German and French are closer to English than Arabic or Chinese, especially in the script.

As an experiment in empathy, I encourage folks to examine this working OCaml code where I've replaced the Latin tokens and identifiers with Chinese ones: https://github.com/taostein/hanma/blob/master/example.hm . Chinese lacks capital letters [1], so I use the prefix "卜" instead. The mapping of tokens is here (in the parsing/lexer.mll diff): https://github.com/taostein/hanma/blob/master/lexer.mll.diff

Reading code is hard when the script model isn't functioning in the fast processing part of your brain. Granted, Chinese has more characters than Latin, but training a brain to do fast processing of script takes years, even if it's Latin. Sometimes we forget it took us years to learn to read, for most of us that was a long time ago.

I've taught Chinese students OCaml programming using Latin tokens and I've taught the same replacing those Latin tokens with Chinese ones. I tried this as an experiment and I was surprised at the outcome. Previously, I thought as most of you probably do -- come on, it's just a few tokens plus logic -- not hard. How many tokens are there in C, like 30? I could memorize those in a day! I WAS WRONG. The students were markedly more motivated and enthusiastic when coding in their own script. And these are smart people, among China's brightest. Motivated learners learn better and are also more fun to teach. This teaching experience is what inspired me to undertake this translation project.
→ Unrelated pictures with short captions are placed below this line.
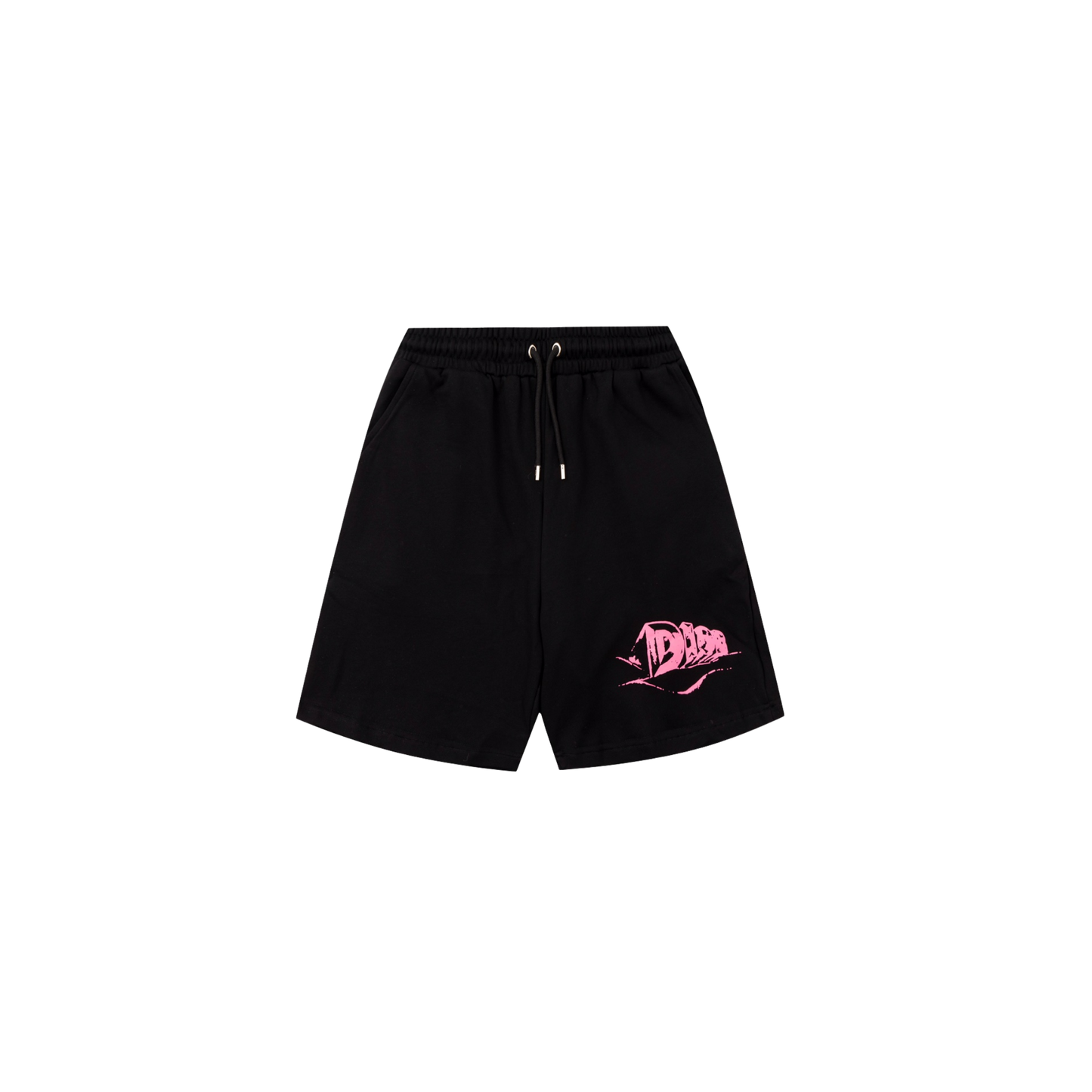 G x Plug® Shorts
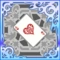 Final Fantasy Airborne Brigade (SSR+).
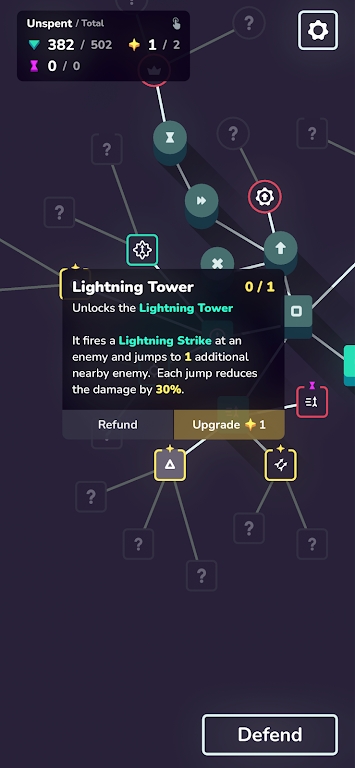 �߾��ػ�steam��ֲ2026���ذ�װv1.1.5 �ٷ������ͼ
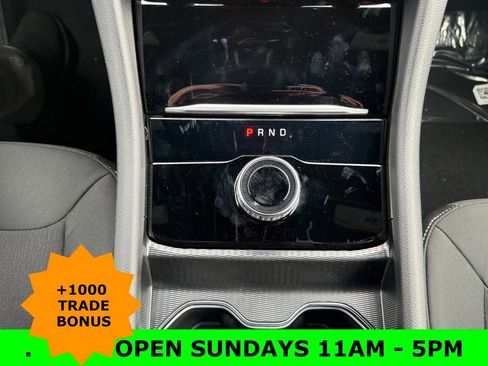 New 2025 Jeep Grand Cherokee Laredo image 23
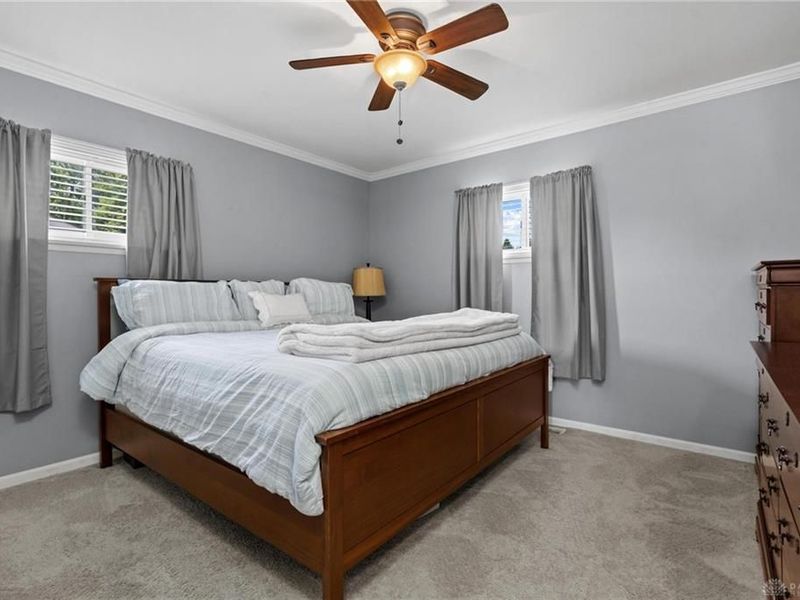 5401 Bayside Drive, Riverside, OH 45431 Photo 20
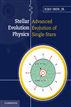 Stellar Evolution Physics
My observations are qualitative, because I've been focused on the teaching part, as opposed to the research about teaching part, but I hope to gather more data in future semesters and write a report about these findings. The qualitative results were strong -- script matters. I believe it's about script, not language. Parsing a foreign script quickly is really hard on the brain. We need the brain for the hard parts of programming.

There are obviously many pieces of OCaml that need translation; manuals, errors and warnings, libraries, the core code, comments. I think error messages are a good place to start. We can work on different pieces in parallel. And hopefully we can build something useful for scripts other than Chinese, like Arabic and Russian. If you are interested in helping with this project, please get in touch with me directly.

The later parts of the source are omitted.